(Material provided begins)
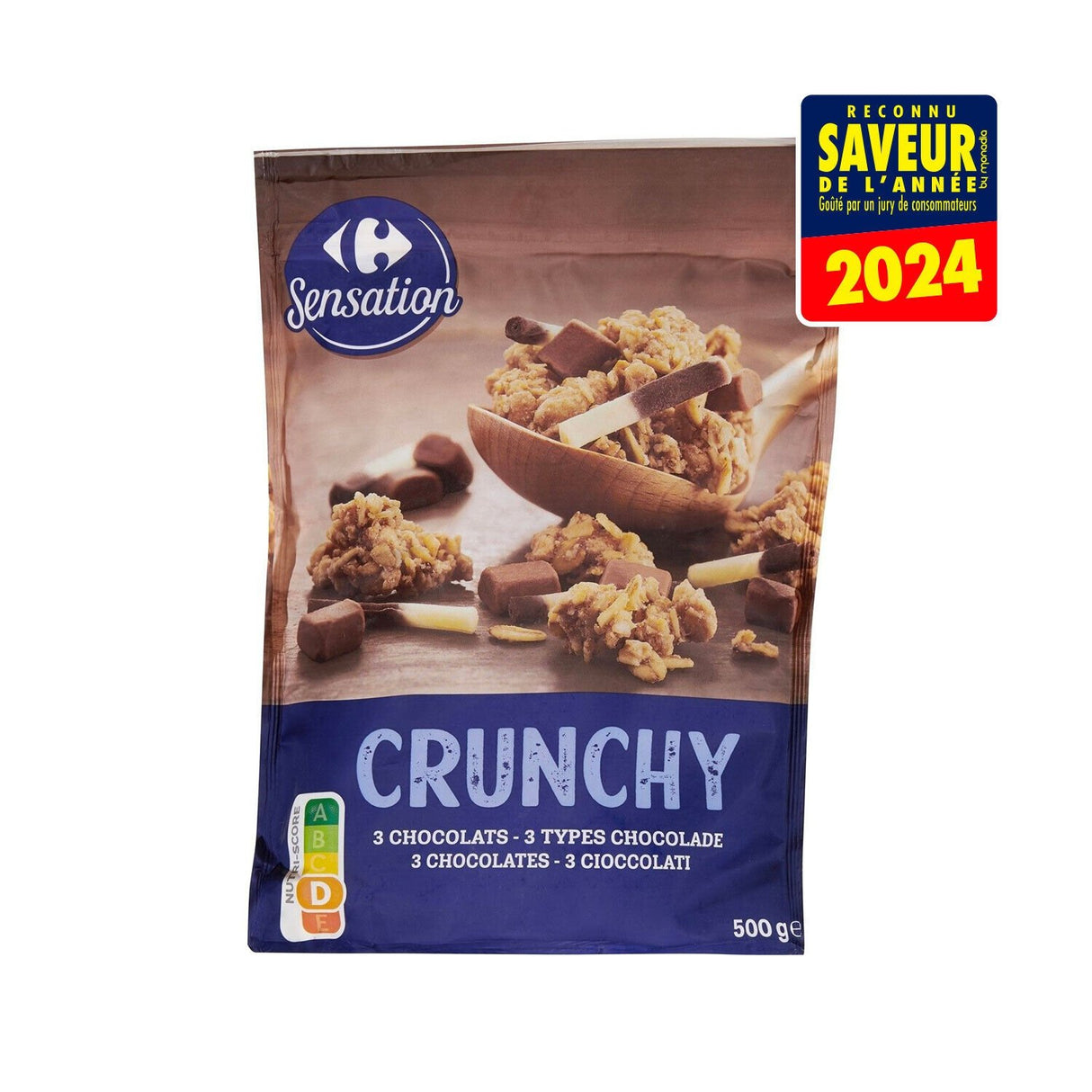 CARREFOUR SENSATION Céréales Muesli Crunchy 3 Chocolats 500 g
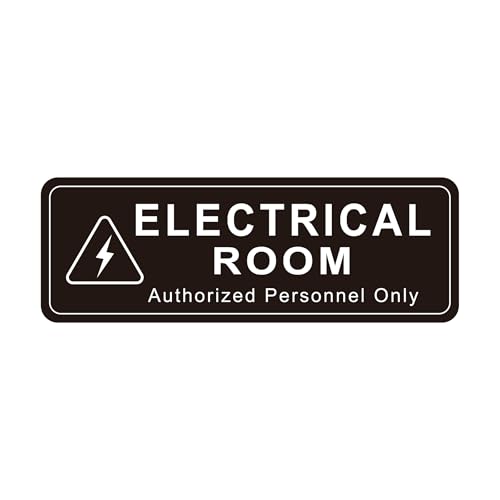 Electrical Room Door Sign for Business，Self-Adhesive Durable Modern Electrical Closet Room Sticker for Home, UV and Weather Resistant Authorized Personnel Only Signs for Business ，Workplace - color: Electrical Room 132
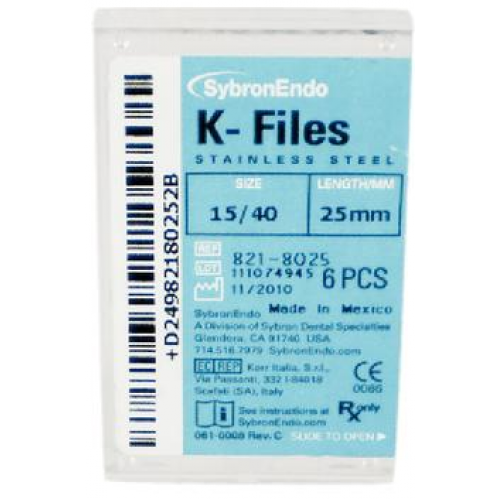 K-File, Stainless Steel, # 15-40, Assorted, 6/Pk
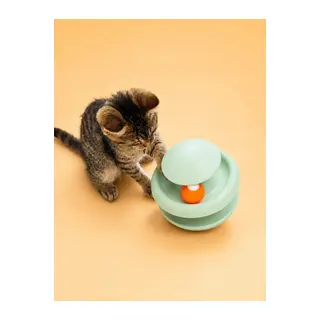 3D Baskı İki Toplu Kedi Oyuncağı Kule Etkileşimli Kedi Oyun Kulesi Toplu Parkur - Yeşil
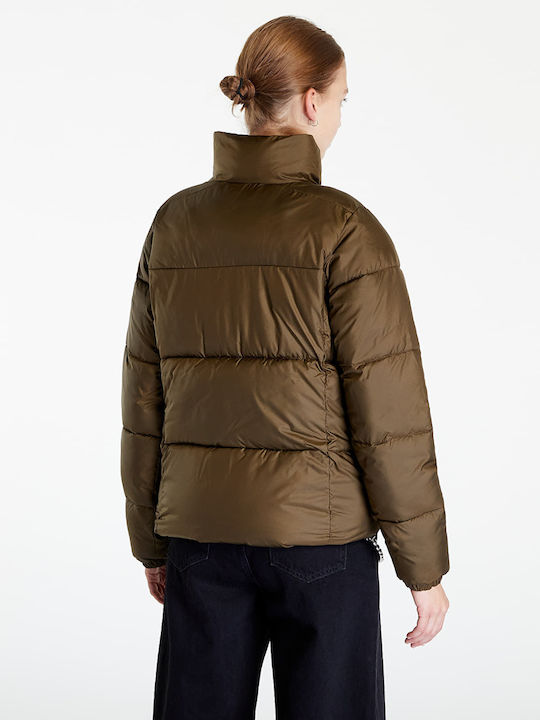 Puffect Women's for Hiking Short Puffer Jacket for Winter Olive Green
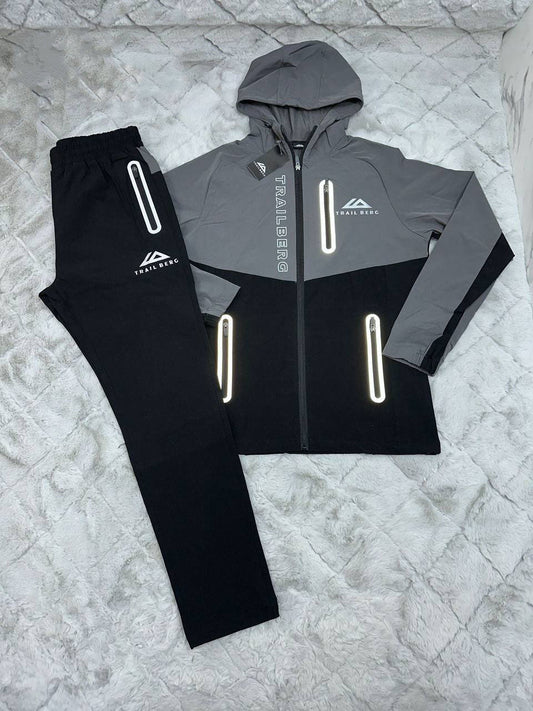 Trailberg Technical Hooded Tracksuits in Grey/Black Color Mens UK Reps AAA Quality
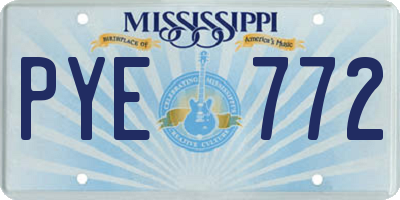 MS license plate PYE772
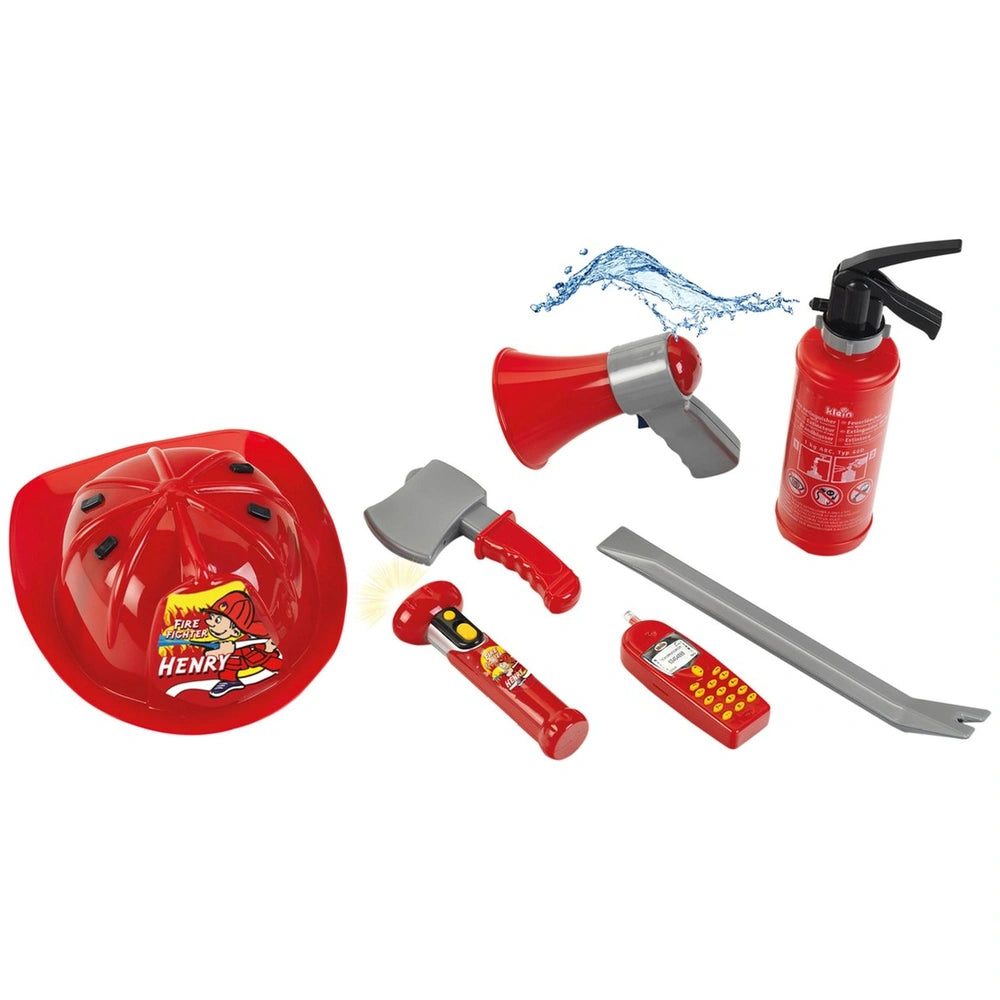 Theo Klein firefighter set includes red plastic helmet, axe, hose, nozzle, walkie-talkie, knife, and spray bottle for role pl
(Material provided ends)
Exercise objective
The material must be restated verbatim. Its pictures must be omitted.

Task response
 CARREFOUR SENSATION Céréales Muesli Crunchy 3 Chocolats 500 g
 Electrical Room Door Sign for Business，Self-Adhesive Durable Modern Electrical Closet Room Sticker for Home, UV and Weather Resistant Authorized Personnel Only Signs for Business ，Workplace - color: Electrical Room 132
 K-File, Stainless Steel, # 15-40, Assorted, 6/Pk
 3D Baskı İki Toplu Kedi Oyuncağı Kule Etkileşimli Kedi Oyun Kulesi Toplu Parkur - Yeşil
 Puffect Women's for Hiking Short Puffer Jacket for Winter Olive Green
 Trailberg Technical Hooded Tracksuits in Grey/Black Color Mens UK Reps AAA Quality
 MS license plate PYE772
 Theo Klein firefighter set includes red plastic helmet, axe, hose, nozzle, walkie-talkie, knife, and spray bottle for role pl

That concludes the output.